◆ Records shown:

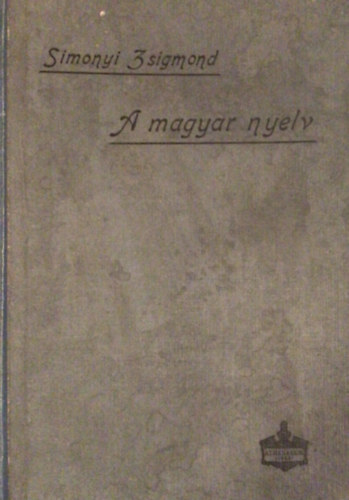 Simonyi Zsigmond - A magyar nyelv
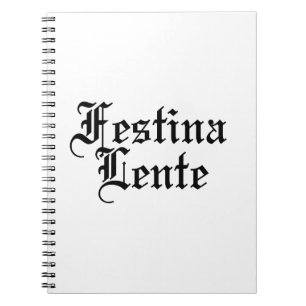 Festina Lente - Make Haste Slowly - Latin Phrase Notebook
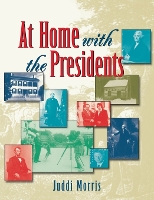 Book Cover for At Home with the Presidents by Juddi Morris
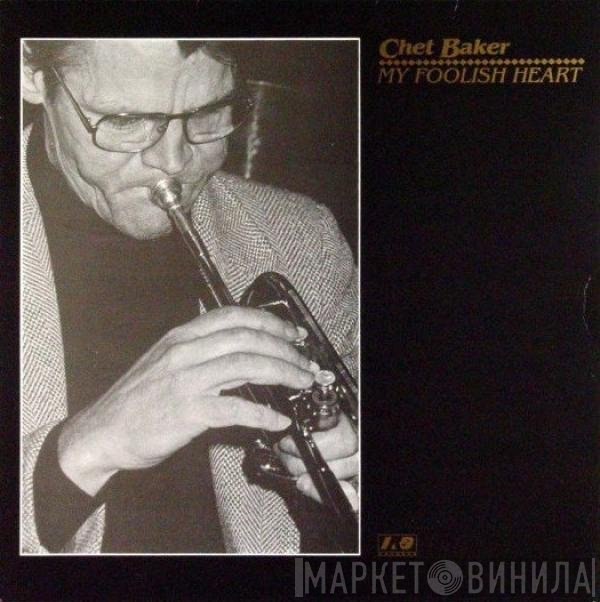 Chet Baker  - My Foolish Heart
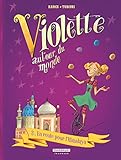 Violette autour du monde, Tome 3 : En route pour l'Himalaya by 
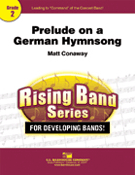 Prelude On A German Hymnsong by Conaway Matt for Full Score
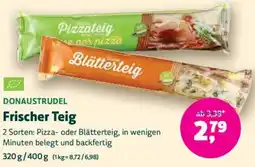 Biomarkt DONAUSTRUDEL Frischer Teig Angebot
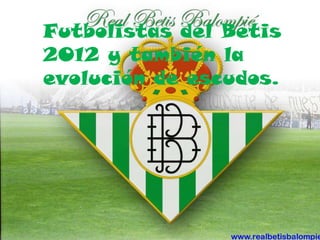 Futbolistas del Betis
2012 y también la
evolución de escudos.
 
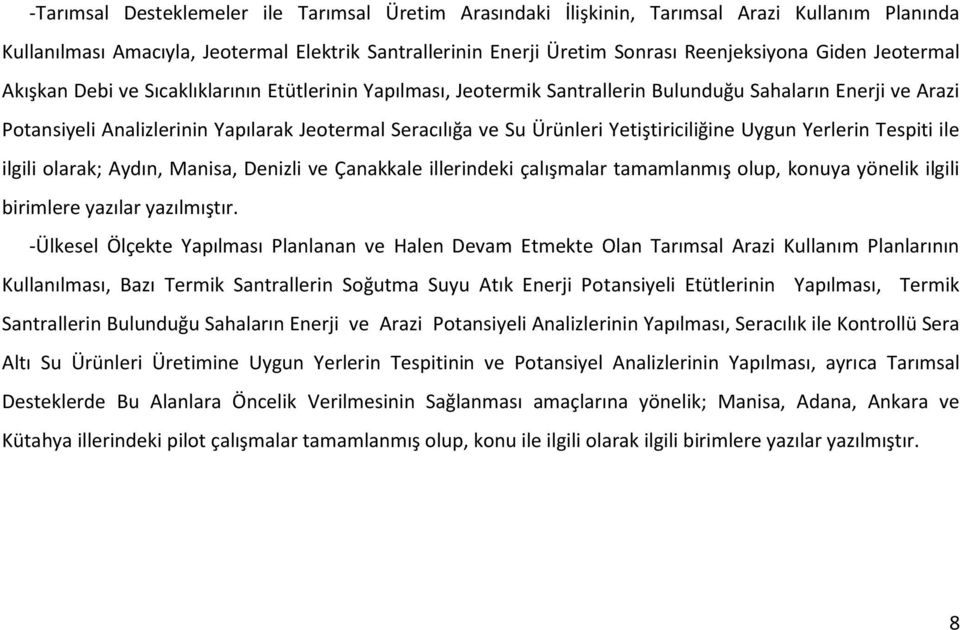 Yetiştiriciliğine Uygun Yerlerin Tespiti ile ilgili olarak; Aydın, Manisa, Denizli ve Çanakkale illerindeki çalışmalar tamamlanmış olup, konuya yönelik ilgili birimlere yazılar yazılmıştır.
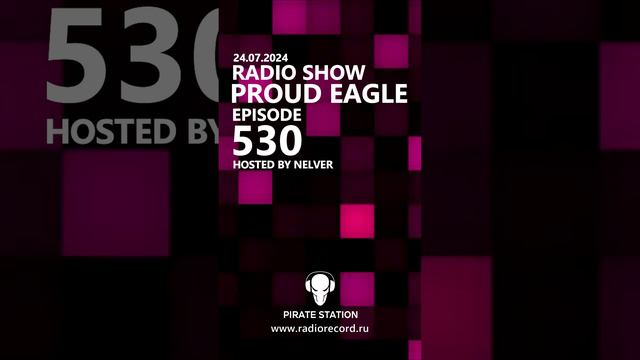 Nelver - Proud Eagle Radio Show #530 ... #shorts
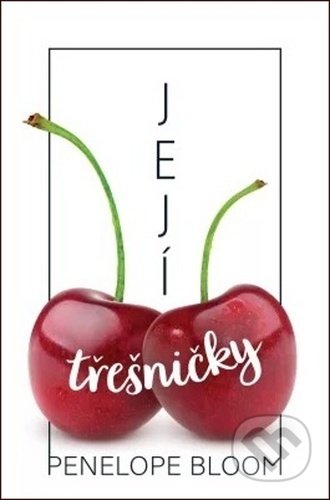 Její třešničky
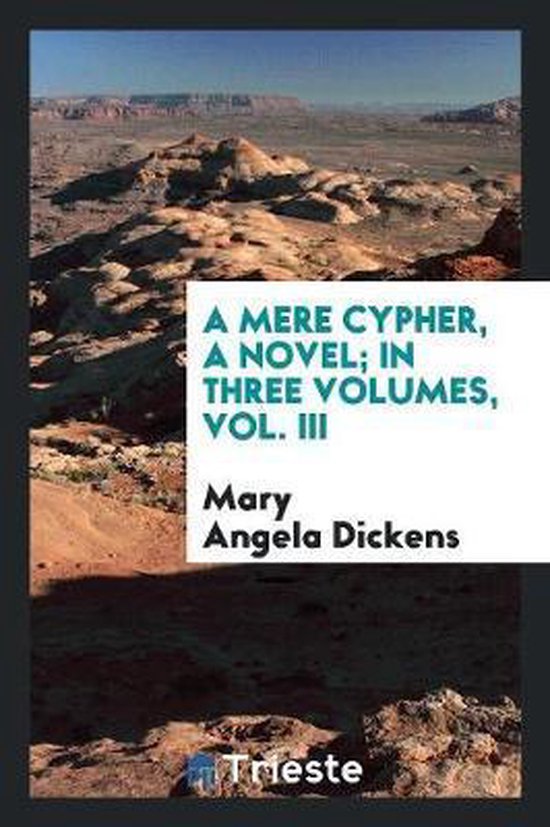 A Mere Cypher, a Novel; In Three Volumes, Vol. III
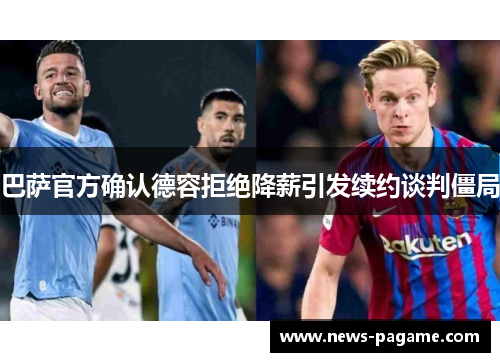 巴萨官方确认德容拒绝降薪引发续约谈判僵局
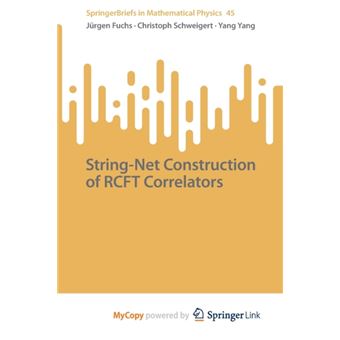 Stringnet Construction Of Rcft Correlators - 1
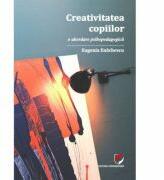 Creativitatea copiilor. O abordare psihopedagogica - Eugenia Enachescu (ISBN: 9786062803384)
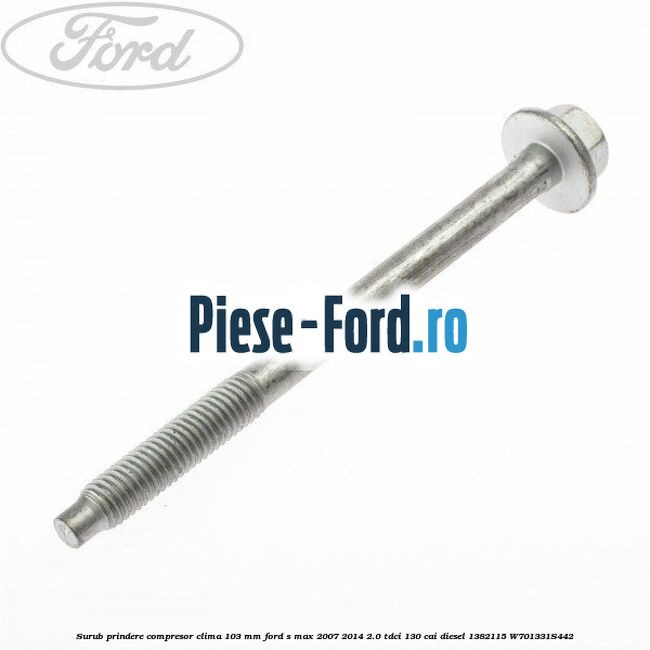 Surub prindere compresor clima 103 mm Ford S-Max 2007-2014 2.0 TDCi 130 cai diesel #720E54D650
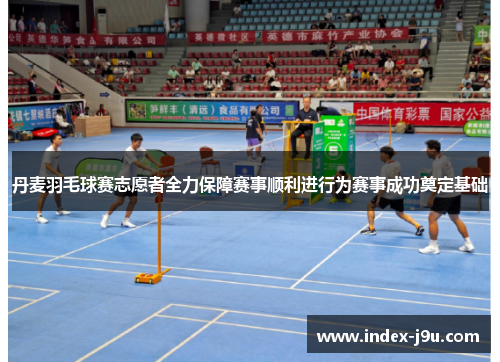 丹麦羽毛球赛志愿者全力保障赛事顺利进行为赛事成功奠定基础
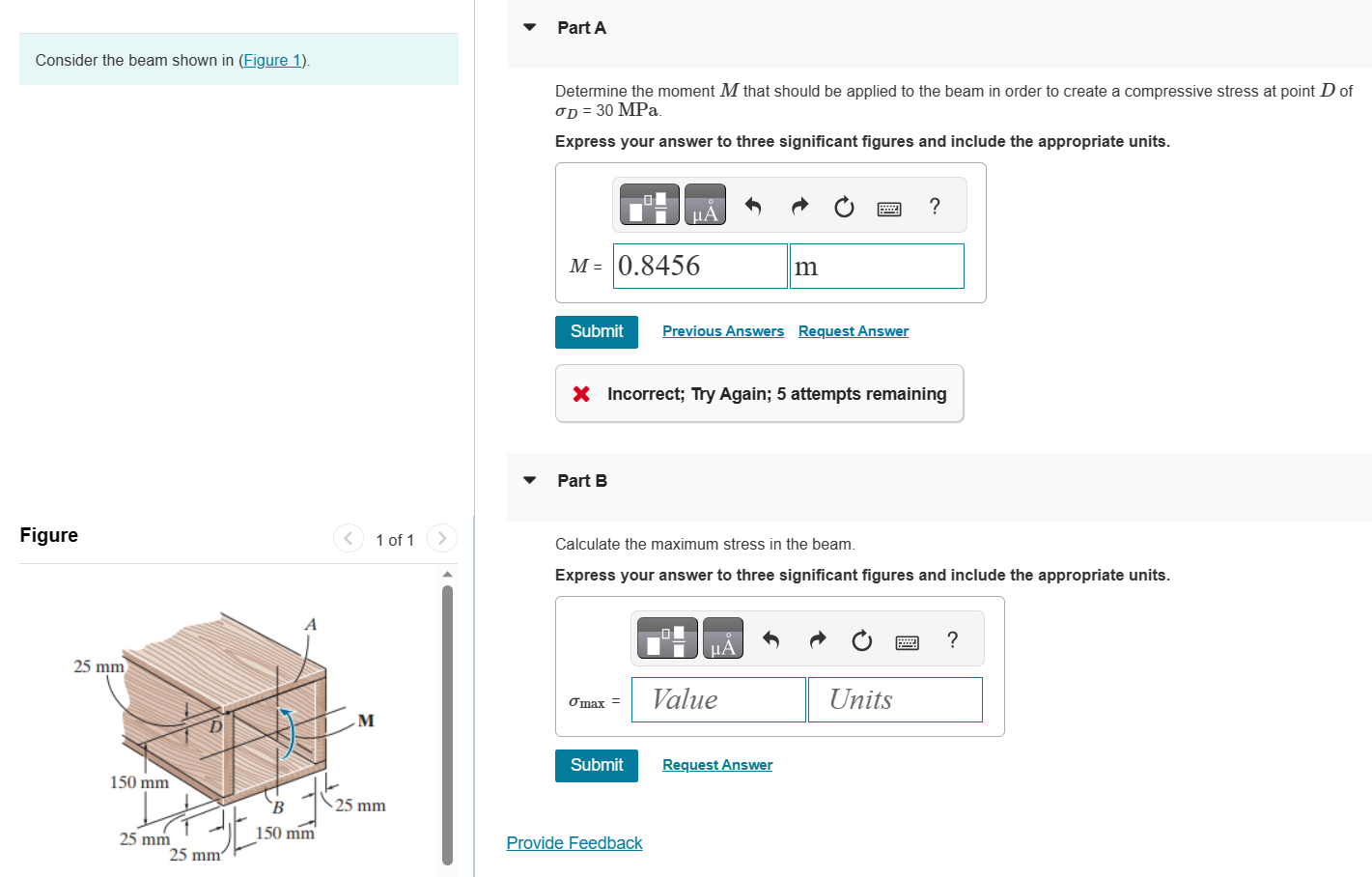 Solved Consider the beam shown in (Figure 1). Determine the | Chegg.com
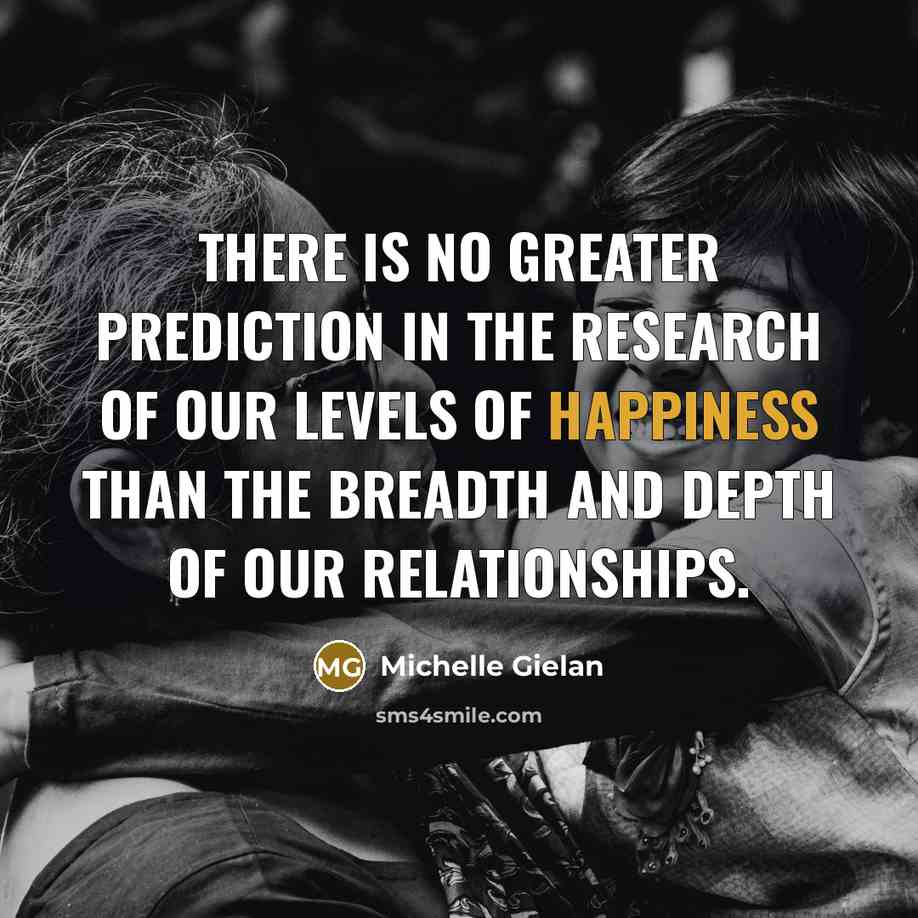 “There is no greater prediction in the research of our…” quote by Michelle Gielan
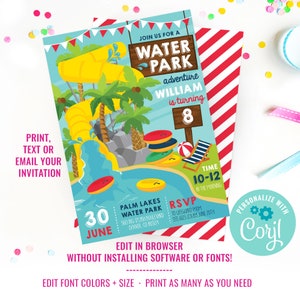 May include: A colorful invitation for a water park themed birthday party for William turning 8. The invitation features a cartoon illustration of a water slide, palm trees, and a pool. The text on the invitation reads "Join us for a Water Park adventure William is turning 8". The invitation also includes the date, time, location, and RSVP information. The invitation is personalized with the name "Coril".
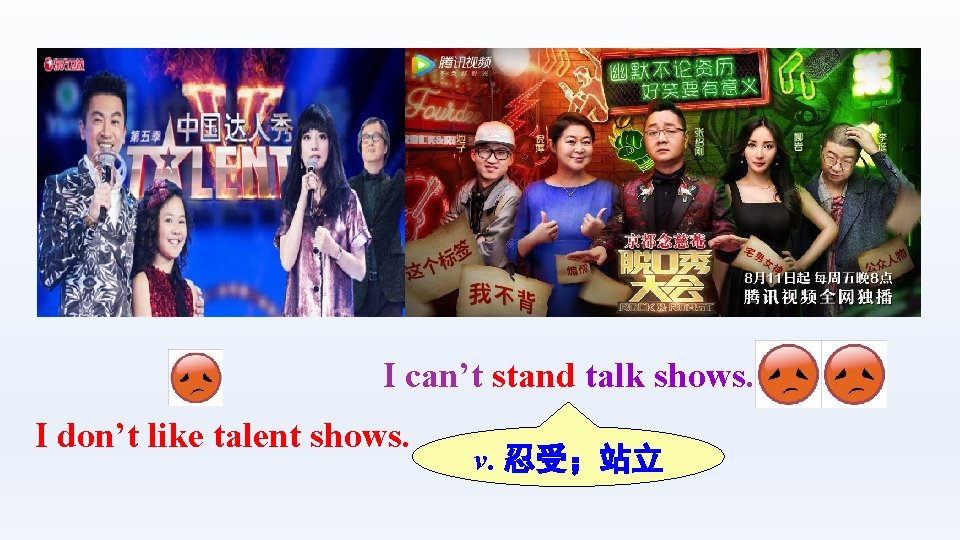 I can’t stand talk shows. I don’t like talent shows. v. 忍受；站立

◆ Exercise brief: Pictures stay out; the data above is to be returned exactly.

◆ Worked solution:
 Simonyi Zsigmond - A magyar nyelv
 Festina Lente - Make Haste Slowly - Latin Phrase Notebook
 Book Cover for At Home with the Presidents by Juddi Morris
 Chet Baker  - My Foolish Heart
 Violette autour du monde, Tome 3 : En route pour l'Himalaya by 
 Prelude On A German Hymnsong by Conaway Matt for Full Score
 Biomarkt DONAUSTRUDEL Frischer Teig Angebot
 Futbolistas del Betis
2012 y también la
evolución de escudos.
 
 Yetiştiriciliğine Uygun Yerlerin Tespiti ile ilgili olarak; Aydın, Manisa, Denizli ve Çanakkale illerindeki çalışmalar tamamlanmış olup, konuya yönelik ilgili birimlere yazılar yazılmıştır.
 Nelver - Proud Eagle Radio Show #530 ... #shorts
 Její třešničky
 A Mere Cypher, a Novel; In Three Volumes, Vol. III
 巴萨官方确认德容拒绝降薪引发续约谈判僵局
 Stringnet Construction Of Rcft Correlators - 1
 Creativitatea copiilor. O abordare psihopedagogica - Eugenia Enachescu (ISBN: 9786062803384)
 Surub prindere compresor clima 103 mm Ford S-Max 2007-2014 2.0 TDCi 130 cai diesel #720E54D650
 丹麦羽毛球赛志愿者全力保障赛事顺利进行为赛事成功奠定基础
 Solved Consider the beam shown in (Figure 1). Determine the | Chegg.com
 “There is no greater prediction in the research of our…” quote by Michelle Gielan
 May include: A colorful invitation for a water park themed birthday party for William turning 8. The invitation features a cartoon illustration of a water slide, palm trees, and a pool. The text on the invitation reads "Join us for a Water Park adventure William is turning 8". The invitation also includes the date, time, location, and RSVP information. The invitation is personalized with the name "Coril".
 I can’t stand talk shows. I don’t like talent shows. v. 忍受；站立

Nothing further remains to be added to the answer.